Add the following shim to your path under the name asciidoctor

Note
I hard code the address of the server, but feel free to leave it as an environment variable.
asciidoctor
#!/bin/bash

exec asciidoctor-client --address $ADDRESS "${@:1:$#-1}" yeet

Usage

Warning
I haven’t yet setup an easy way to stop/start the server or have the client discover the server. Also there’s no security so don’t use in prod.
Caution
Extensions cannot be loaded / unloaded on demand. Once loaded, they are enabled for all subsequent requests. This is not a problem for hugo, which passes the same cli args (ie, extensions) on every invocation. It might be a problem for other setups

Pick an address for the server to bind to, maybe something like $PROJECT_ROOT/.asciidoctor-server.sock

  1. Start the server with bundle exec, ie bundle exec asciidoctor-server -addr $ADDRESS. You’ll probably need to use job control or a separate shell to have this run in the background.

  2. Build your website (that’s hugo for me). If your shim was setup correctly, your static site generator will use it. You can test this by adding print statement to the shim script.

Implementation

This project was written with the constraint that hugo and asciidoctor should run unmodified.

The client and server communicate using grpc, with the client mapping its cli arguments to the asciidoctor api. Only a small subset of asciidoctor’s arguments are supported.

Normally, hugo spawns a converter process per file. The program that is spawned corresponds to the content format. Markdown support is built into hugo, so it spawns a goroutine for markdown files.

Asciidoctor is written in ruby, and is a very large program with many optional features. While its conversion speed is excellent, its startup time is not.

This project consists of a lightweight client (there are go and rust clients in tree, though it could have been any compiled language). The client starts quickly and makes a grpc request to the server. We only pay the startup cost once.

Unfortunately, this makes the conversion process significantly more complicated. There is now a server and client sitting between hugo and asciidoctor. Both are poorly written, exposing only a fraction of asciidoctor’s functionality.
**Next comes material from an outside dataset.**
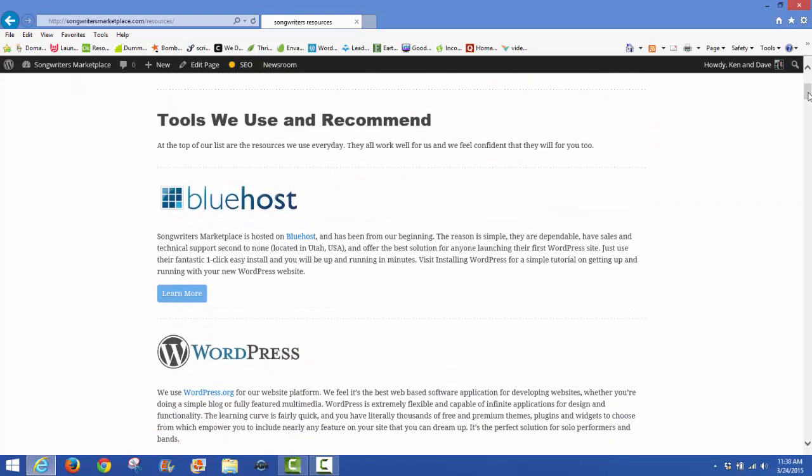That's where we host our site. I host all my websites on Bluehost and I've been with them for several years. I'm happy they're up and functioning, and our sites are up and running 99.9 percent of the time and running smooth.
If unsupported args are passed, the client should error.

Development

You’ll need the protobuf compiler, protoc, version 3. This is included in the nix flake for this repo.

Client

  1. Install the go protobuf compiler plugins

    go install google.golang.org/protobuf/cmd/protoc-gen-go@v1.28
    $ go install google.golang.org/grpc/cmd/protoc-gen-go-grpc@v1.2
  2. Update your PATH so that the protoc compiler can find the plugins. This is not necessary if you’re using direnv.

    export PATH="$PATH:$(go env GOPATH)/bin"

Server

Do the following under server

After checking out the repo, run bin/setup to install dependencies. Then, run rake test to run the tests. You can also run bin/console for an interactive prompt that will allow you to experiment.
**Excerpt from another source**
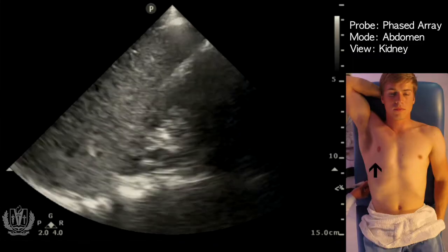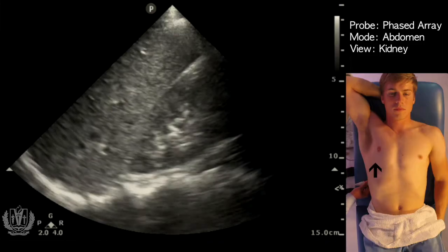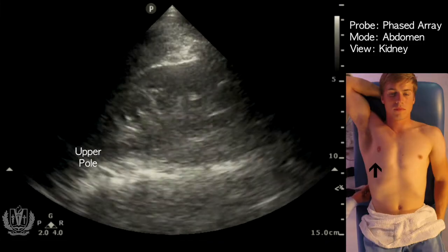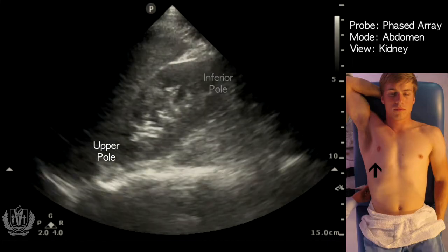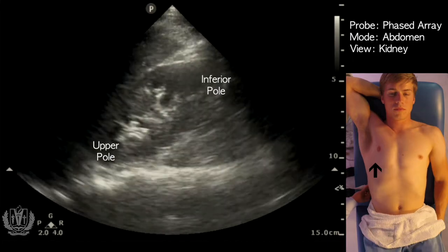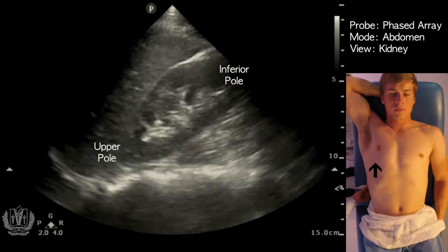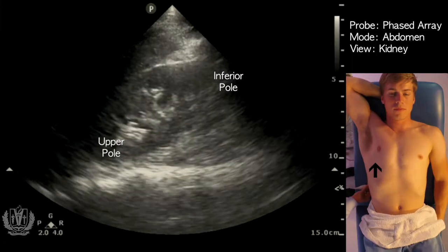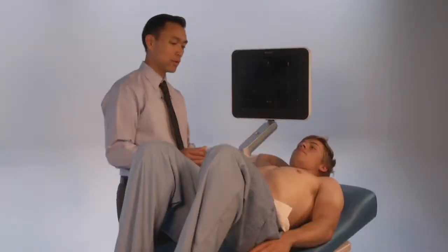Here we can see the right kidney — the upper pole — and as I bring my probe down I can see more of the center of the kidney as well as the inferior pole. You'll notice that as the patient breathes, the kidney moves, so sometimes you can have the patient breathe to optimize your view. That is the right kidney, so now we're going to go over to the left kidney.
To install this gem onto your local machine, run bundle exec rake install. To release a new version, update the version number in version.rb, and then run bundle exec rake release, which will create a git tag for the version, push git commits and the created tag, and push the .gem file to [rubygems.org](https://rubygems.org).

Future

Given how hacky this is, this is not a long term solution. Long term solutions include:

  • an implementation of asciidoc with a shorter startup time (perhaps in a compiled language?)

    • If a go implementation existed, it could be included in hugo. The author has expressed support for this idea given a suitable go library.
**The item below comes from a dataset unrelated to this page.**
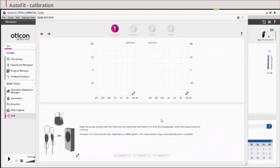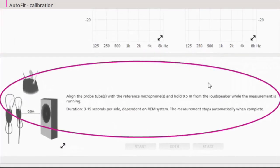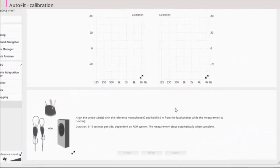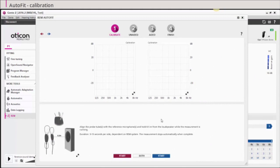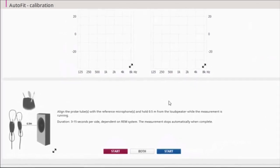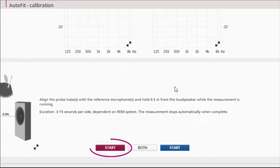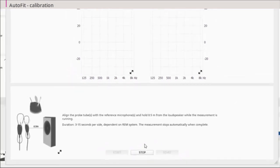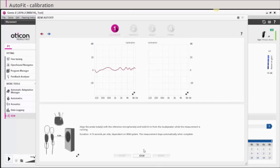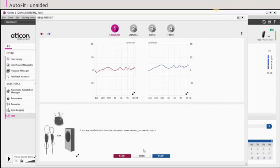To begin the AutoFit procedure, calibrate the probe tubes as shown on the instructions. For further instruction, please refer to the user manual of your specific REM system. The probe tube calibration removes the acoustic effects that the probe tube and microphone may cause during a REM. Press Start to begin the probe tube calibration for the side you wish or both for calibration of both sides. If you click both, the calibration will run simultaneously or sequentially depending on your REM equipment. When the calibration is done, you are ready to do the REM.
    • Asciidoctor’s startup time might improve, but this is a difficult undertaking

  • The basic principle of this (a single process / goroutine that does all conversions, and communication occurs over message passing) is merged into hugo. This is far more feasible than the other options, but would require a rearchitecture of how hugo handles external converters. It wouldn’t make sense to do this solely for asciidoc, unfortunately.